A TransUnion research finds instances of synthetic fraud and outstanding balances for suspected synthetic accounts at U.S. financial institutions have declined significantly after the WHO declared COVID-19 a global pandemic. However, new analysis by Aite Group finds the cost of synthetic fraud will rebound post-pandemic, reaching new highs.
Synthetic identity fraud involves fraudsters creating fictitious identities by piecing together real identity attributes and fake information with the intent to open fraudulent accounts.
“The dip in synthetic fraud during the pandemic was a continuation of our 2019 findings that showed synthetic fraud was slowing amid the emergence of solutions that connect personal and digital identities,” said Shai Cohen, SVP of Global Fraud Solutions at TransUnion.
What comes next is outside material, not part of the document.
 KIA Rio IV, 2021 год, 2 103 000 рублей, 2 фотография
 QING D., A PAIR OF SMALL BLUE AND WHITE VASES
“We believe this slowdown was compounded by fraudsters who went elsewhere and could be lying in wait to take advantage of pandemic loan forbearance programs that may not have come due yet. Once synthetic fraud reemerges, which we think it will, companies must be ready.”
Synthetic fraud dropped markedly for most credit products
The latest analysis of outstanding balances attributed to suspected synthetic identities for auto, credit card, retail credit card and personal loans found them at their lowest levels since Q1 2016. As of Q3 2020 (latest data available), synthetic fraud balances in those sectors stood at $855 million—down from a high of $1.05 billion in Q3 2018.
The analysis found instances of synthetic fraud dropped markedly for most credit products for two consecutive quarters (Q2 and Q3 2020). In Q3 2020, the percent of new auto loans and credit card accounts linked to a synthetic fraudster declined to their lowest points since TransUnion began tracking them in 2016.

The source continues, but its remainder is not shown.